La faceta «hacia dentro» corresponde al Espíritu Santo, y es el entusiasmo por la vida, la inspiración que despierta en nosotros sueños de mundos nuevos, la interioridad que nos da el sentido de dignidad, la energía que fortalece al débil, el valor que levanta al caído, la luz secreta que exorciza la oscuridad de nuestro camino y que calienta nuestro corazón para que nunca nos desanimemos.
EL DIOS DE LOS PERDIDOS
Jesús nos reveló una imagen que los cristianos aún no hemos incorporado del todo: que Dios es, sobre todo, el Dios de los perdidos, de los que son considerados pecadores, de los que quedan fuera de la sociedad organizada.
Como Buena Nueva de liberación, el Evangelio está destinado principalmente a ellos. «Dios ha elegido lo que el mundo considera necio para avergonzar a los sabios, y ha tomado lo que es débil en este mundo para confundir lo que es fuerte. Dios ha elegido lo que es común y despreciado en este mundo, lo que es nada, para reducir a la nada lo que es» (1Cor 1,27-28). Esta contradicción es la sabiduría de la cruz redentora, que pone en entredicho la ilusoria sabiduría humana.
El mismo Jesús formó parte de los condenados. Se le consideró un «prófugo de la humanidad», alguien a quien «se le vuelve la cara» (Is 53,3), porque no cuenta nada.
Imposible imaginar mayor solidaridad para los condenados de este mundo. Por eso, sin importar lo despreciables que nos sintamos, no tenemos razón alguna para considerarnos rechazados por Dios; Él nunca nos rechaza. Por algo dicen las Escrituras: «Él sabe de qué fuimos formados, se recuerda que solo somos polvo» (Sal 103,14) y «yo no rechazaré al que venga a mí» (Jn 6,37).

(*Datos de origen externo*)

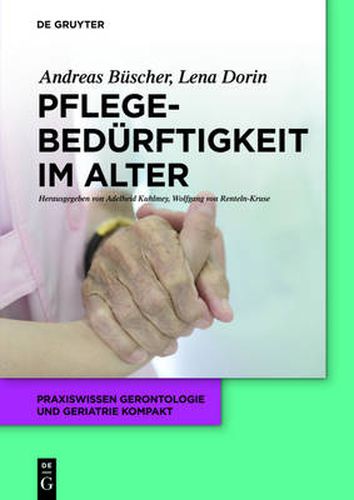 Cover image for Pflegebedurftigkeit Im Alter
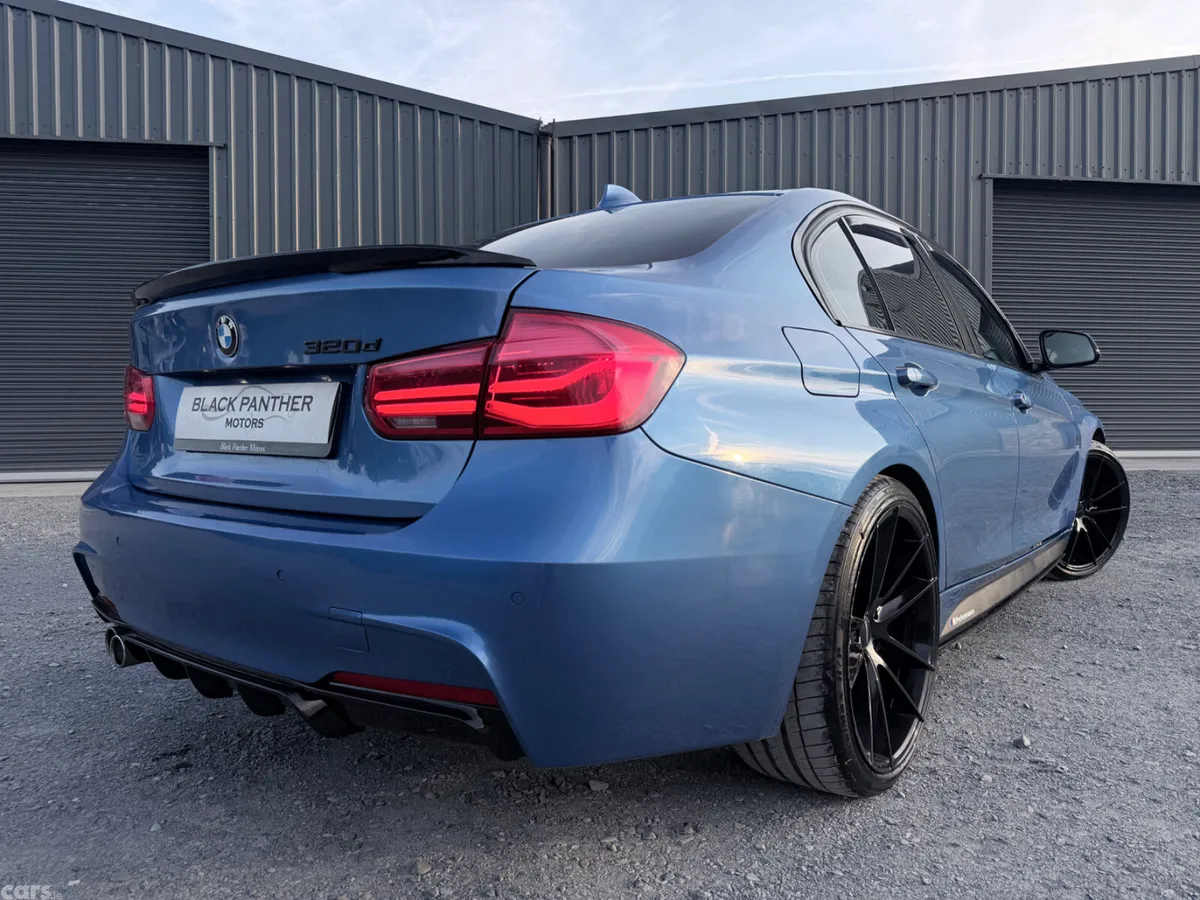 BMW 3-Series Saloon, Diesel, 2016, Blue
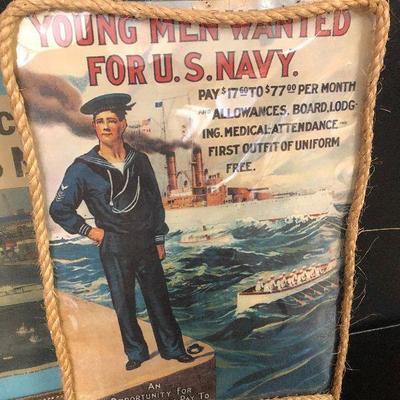 F72: Navy Decor, Mugs and More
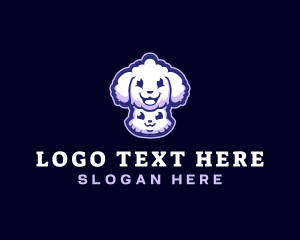 Care - Pet Dog Cat Veterinary logo design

Vivir a partir de esta convicción implica sentirse amado y amparado. Implica relativizar todas las discriminaciones que perturban nuestra vida y, más ligeros, sentirnos en el corazón de Dios, recorriendo el mundo como quien se encuentra en la palma de su mano.
¿Acaso puede haber mayor certidumbre y consuelo que saber esto y sentirlo?